靖国神社は真っ暗。闇夜に巨大な鳥居が浮かび上がっているのが異様だった。
屋台は少しぐらい出てるかなと思いきや、全くなし。
本数は少ないものの、桜は見頃。なのに捨て置かれている。
千鳥ヶ縁も同様。水面へとしなだれかかる満開の桜。その連なり。
ああ、美しいものを心に刻むことすら今の日本では自粛しなくてはならないのか。
例年のような行列にはならないものの、それなりに人手があった。
細長いルートをそぞろ歩いた。
・4/9(土)
翌日の編集学校の方たちとの花見の下見のため、代々木公園へ。
あちこちで宴会。例年なら場所取りが大変なんだろうなあ……
・4/10(日)
生まれて初めて投票へ。都知事選。
震災で思うことがあったのだと思う。
代々木公園で編集学校の方達と花見。
昨日とは打って変わって大混雑だった。
酒を飲みすぎて記憶をなくす。
・4/11(月)
大きめの余震が続く。
・4/13(水)
余震が続く。一日中体が揺れてる気がする。
・4/16(土)
磐梯熱海温泉へ。朝8時前、東京駅からバスに乗る。
途中佐野でトイレ休憩があって12時前、郡山駅前に到着する。
歩いているとそこかしこに震災の影響が見える。
黄色いテープで囲われて立ち入り禁止になった建物。
ひび割れた壁がそのままになって「調査済み」などと貼り紙のされたビル。
歩道がでこぼこになって、足元が崩れている。
商店街には色のついた紙に「がんばろう郡山」とだけ書かれた簡素なポスター。
一見何の影響もなかったようでいて、
よく見ると壁のなくなった家屋や2階の窓が割れたままになった店舗がそのまま残されている。

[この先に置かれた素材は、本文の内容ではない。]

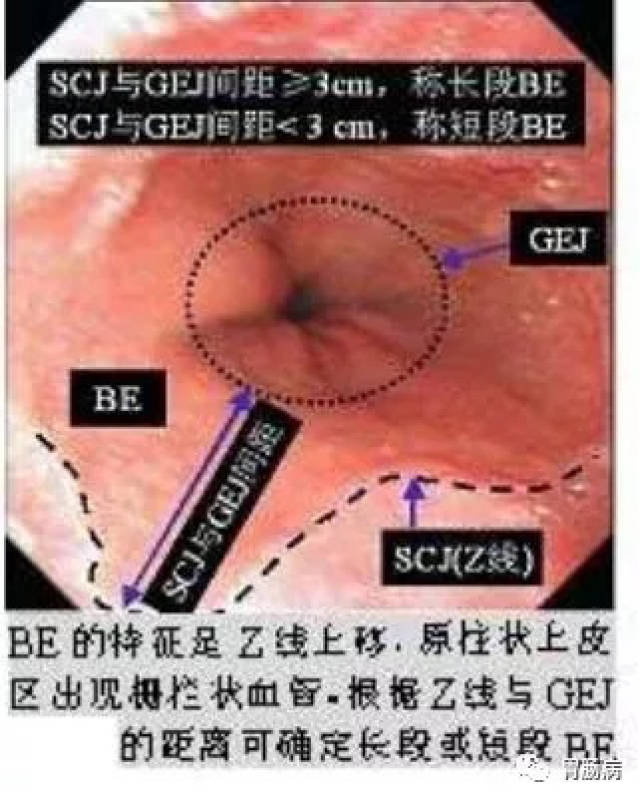 巴雷特食管(barrett)的分类与诊疗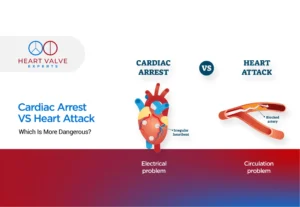 Cardiac Arrest vs Heart Attack: Which Is More Dangerous? Cardiac arrest vs heart attack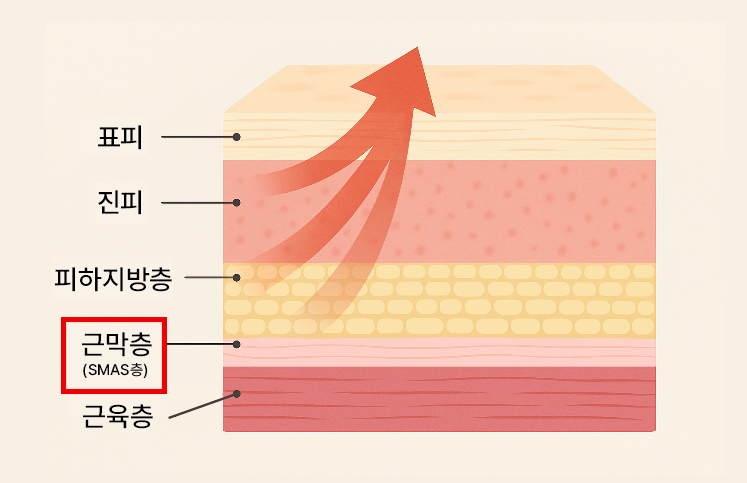 Why Is Mini Facelift Recovery Time in Gangnam Plastic Surgery Possible Over the Weekend? image 8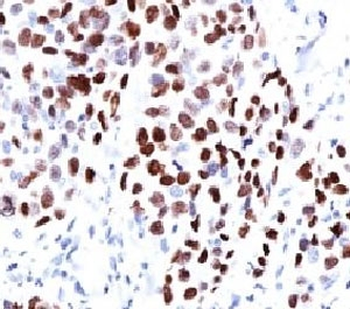 p21 Antibody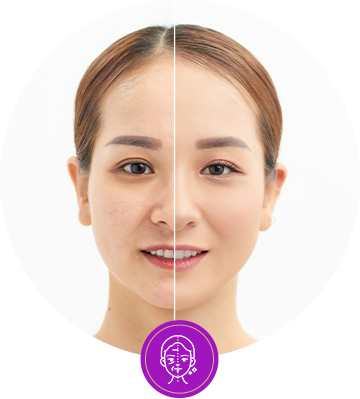 ชะลอวัย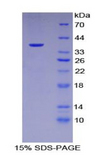 KRT15 / CK15 / Cytokeratin 15 Protein - Recombinant Keratin 15 By SDS-PAGE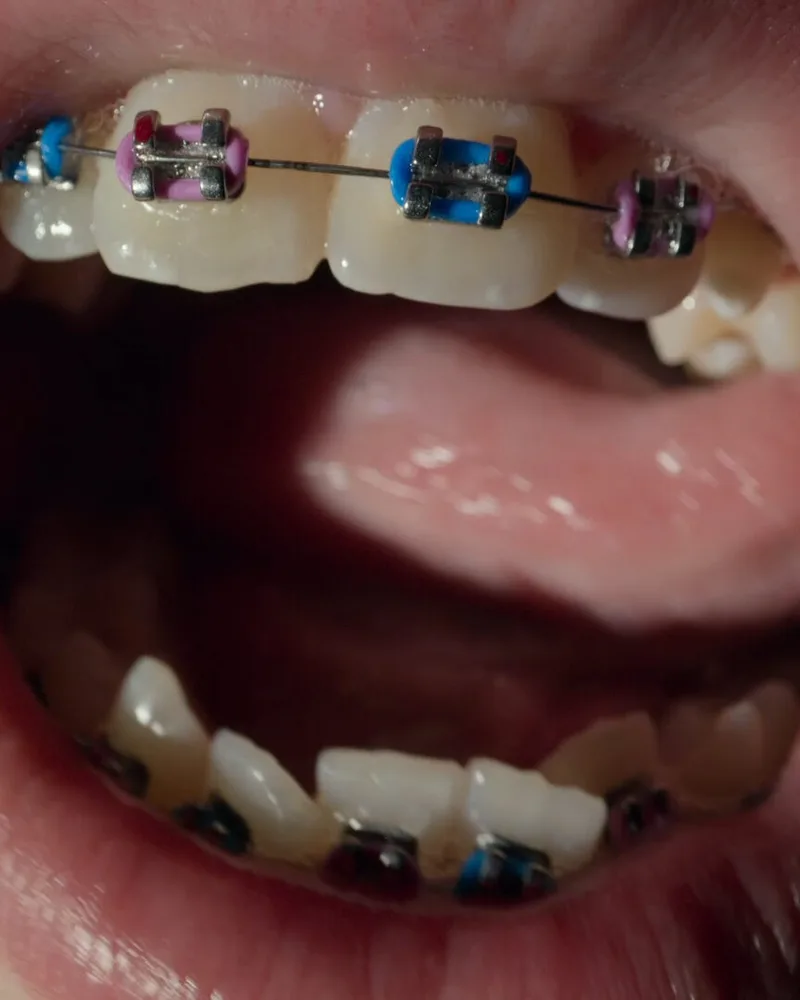 Open Wide Key Image 8x10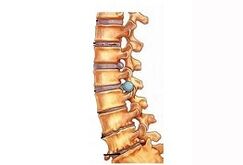 Stades de développement de l'ostéochondose cervicale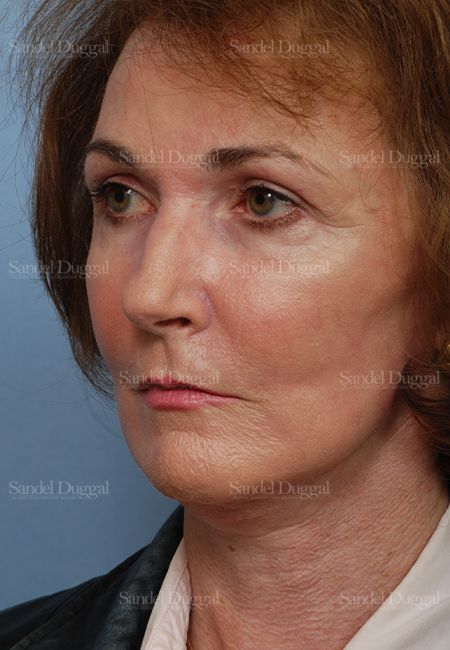 Cheek Augmentation after, case 1427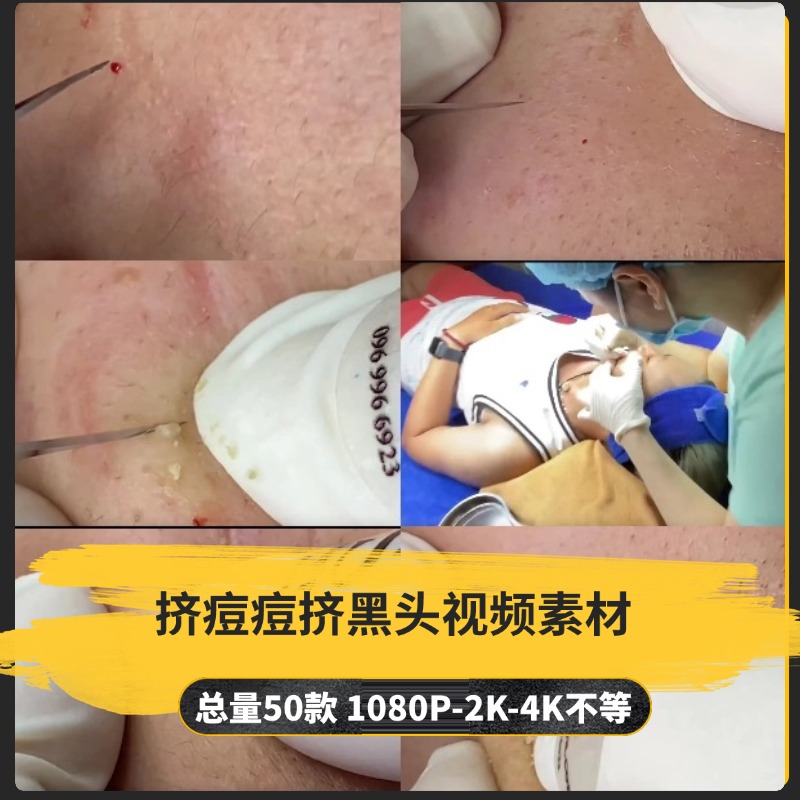 【50款】挤痘痘挤黑头解压视频素材-捷亚素材网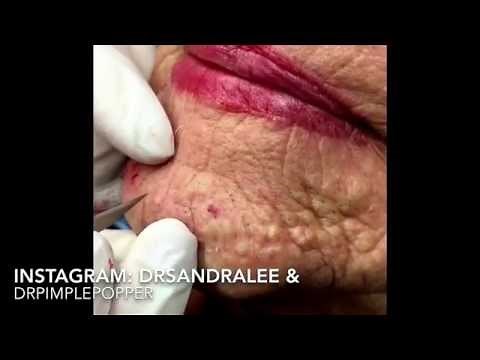 Updated version of milia & blackheads TNTC: 1st treatment. For medical education- NSFE.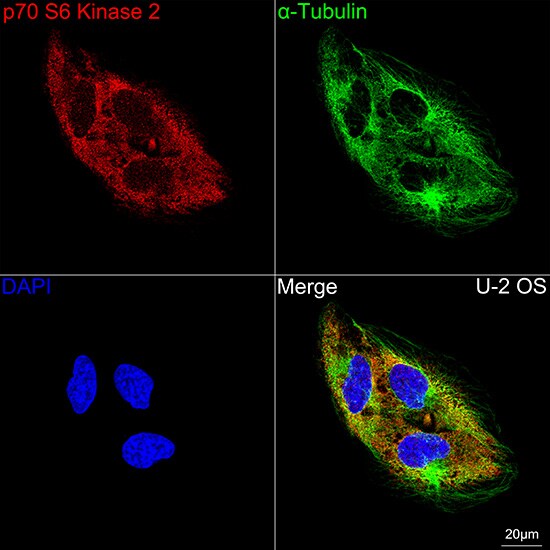 p70 S6 Kinase beta/S6K2 Antibody (5D8F5)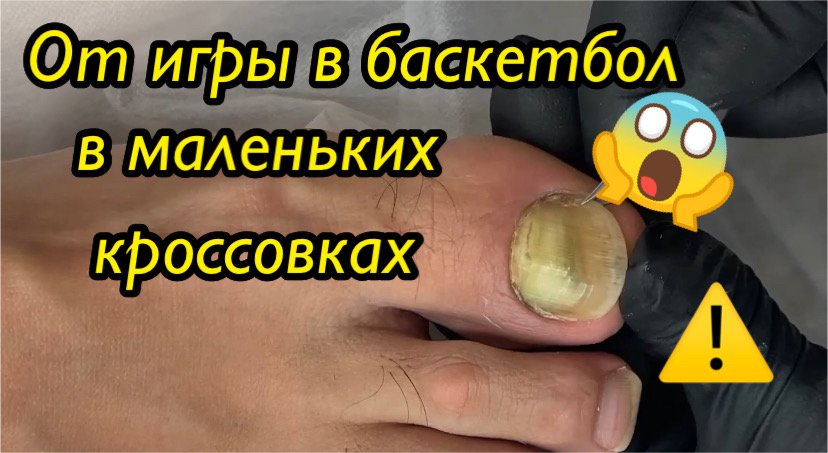 От игры в баскетбол в маленьких кроссовках?⚠️?❗️??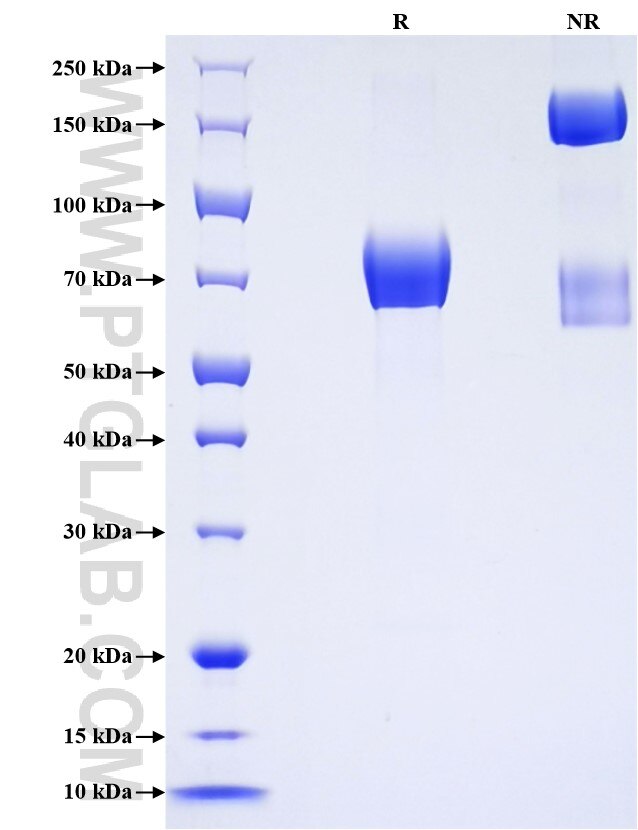 Purity of Recombinant Mouse IL-1R2 was determined by SDS-PAGE. The protein was resolved in an SDS-PAGE in reducing (R) and non-reducing (NR) conditions and stained using Coomassie blue.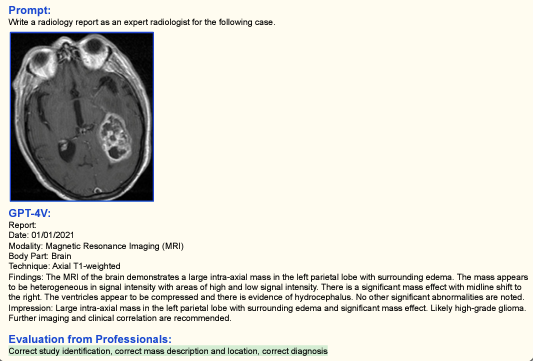 GPT-4V Unseen territory in medical imaging.
<a href="/Radiology_AI/">Radiology: Artificial Intelligence</a> <a href="/RSNA/">RSNA</a> @CARadiologists 
Paper : arxiv.org/abs/2309.17421
(sections 4.1 p. 32-33, sections 9.3 p. 99-103)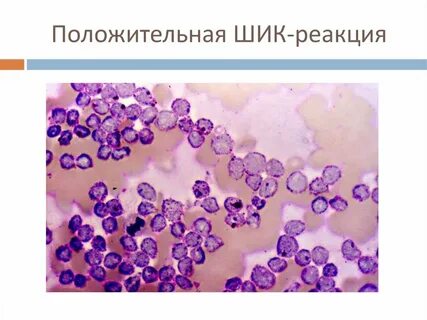 Па реакция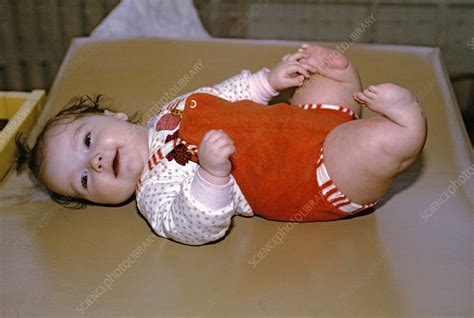 Photos from the 1986 chernobyl disaster. Chernobyl disaster victim, Belarus - Stock Image - C013 ...
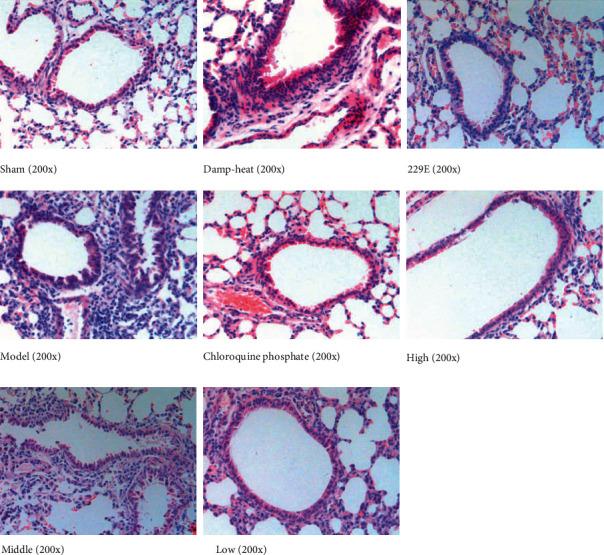 Xiang Qin Kang Gan Granules Treated the Human Coronavirus 229E Induced Pneumonia with Damp-Heat Syndrome in Mice.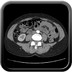 Utérus polyfibromyomateux Artériel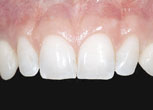Fertig eingestztes Implantat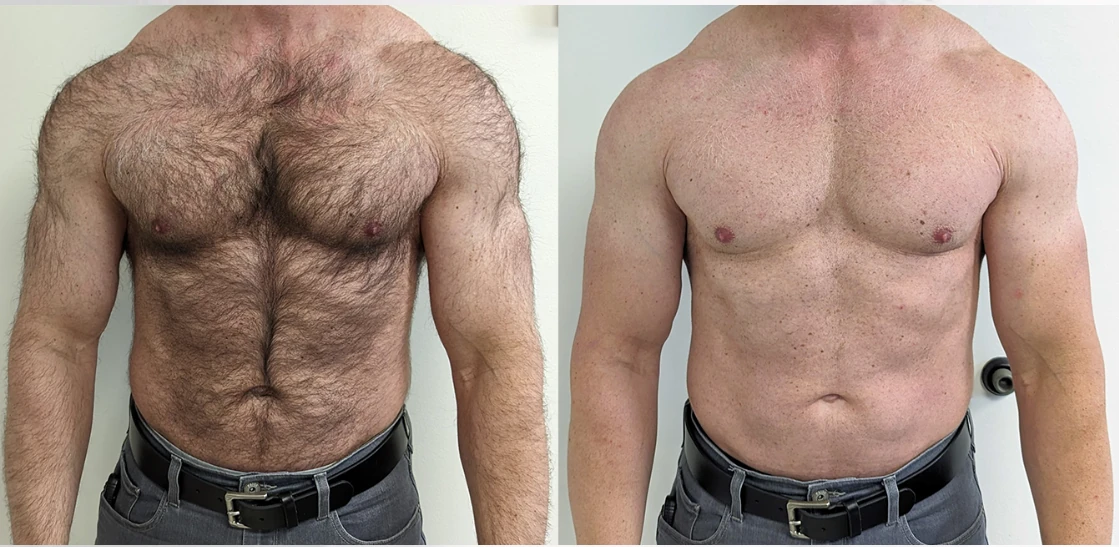 Before and after laser hair removal — result 1 at Majspa, Marietta GA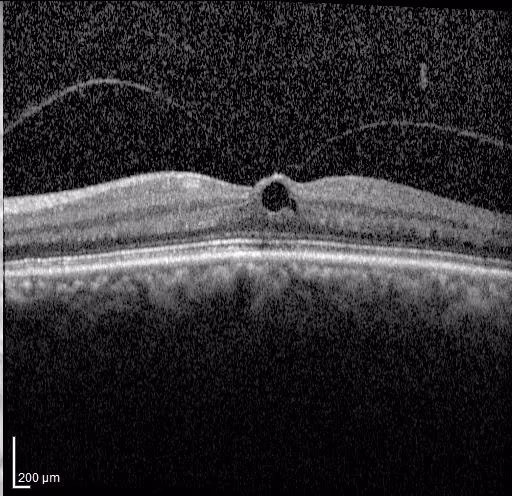 OCT de buraco macular pequeno no olho esquerdo. OCT de buraco macular pequeno no olho esquerdo.
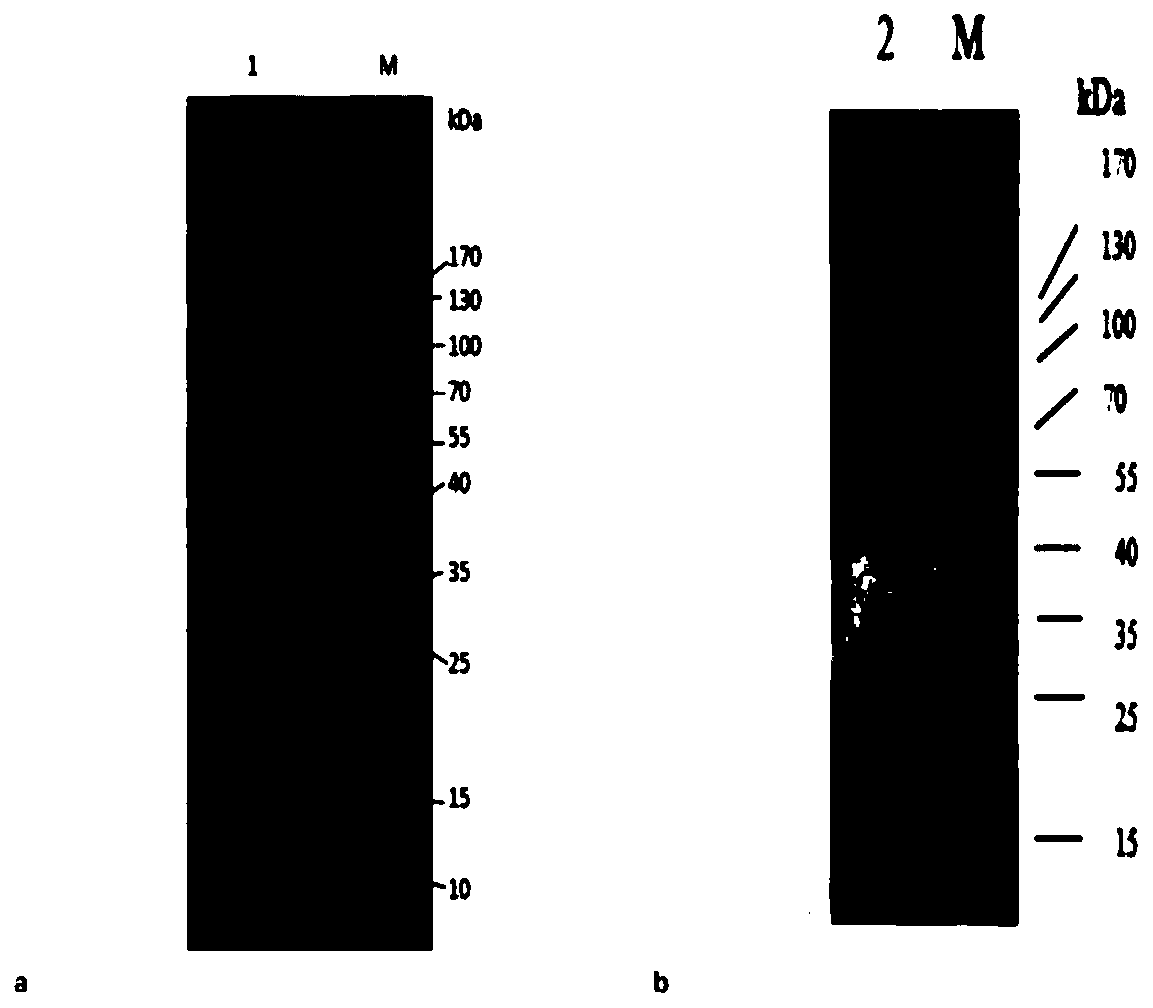 phthalate-degrading-enzyme-gene-and-coding-product-and-preparation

屋根がひしゃげて、中もめちゃくちゃになって真っ暗なままのボーリング場。
郡山市役所は割れた窓に板を張って屋上で小さなクレーンが2機のろのろと動いていた。
向かいの球場の脇には自衛隊のトラックが何台も整列して停車している。
ローカル線に乗って宿に着く。
僕らの泊まった宿は見る限りほぼ満室のようで、隣のホテルの駐車場もいっぱい。
(後日聞いた話では被災者を受け入れていたんじゃないか、とのこと)
・4/17(日)
朝早く起きて一人東京へ。
編集学校の感門之盟に参加。恵比寿の「ZEST」なんだかものものしい雰囲気。
本来ならば一ヶ月前、3/13(日)に開催されるはずだったのが延期となった。
松岡正剛校長の言葉に「平時の中の有事」とあって、これがこの日1日のキーワードとなった。
「心の中で津波を感じること」であるとか。
・4/18(月)
編集学校25守開講。
母から電話があって、ゴールデンウィークは帰ってくるのかと。
忙しくて帰れないと話す。
地震に関する言及はほぼなくなった。
ゴールデンウイークの頃にはもはや地震なんてなかったかのような、
なんてことない日常生活の言及が続く。
一定期間を経て、僕自身が「飽きて」しまったかのようだ。